- _Your instructions_:
Your response to the data below should hold nothing except the lines from the one containing "Photo of Σοβαρό" down to the one containing "Picture of Berkley", reproduced exactly and without pictures.

====== Data excerpts

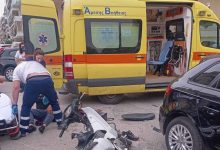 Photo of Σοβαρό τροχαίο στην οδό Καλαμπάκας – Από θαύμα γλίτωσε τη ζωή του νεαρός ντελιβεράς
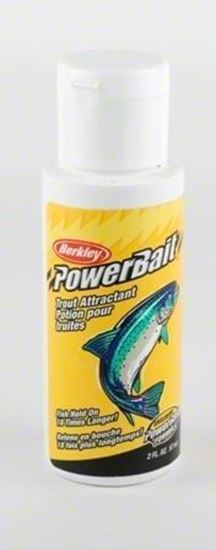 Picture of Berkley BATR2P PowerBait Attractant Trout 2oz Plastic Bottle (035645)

============
====== Data excerpts

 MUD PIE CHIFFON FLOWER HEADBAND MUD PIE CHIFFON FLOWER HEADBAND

============

- _Response box_:
 Photo of Σοβαρό τροχαίο στην οδό Καλαμπάκας – Από θαύμα γλίτωσε τη ζωή του νεαρός ντελιβεράς
 Picture of Berkley BATR2P PowerBait Attractant Trout 2oz Plastic Bottle (035645)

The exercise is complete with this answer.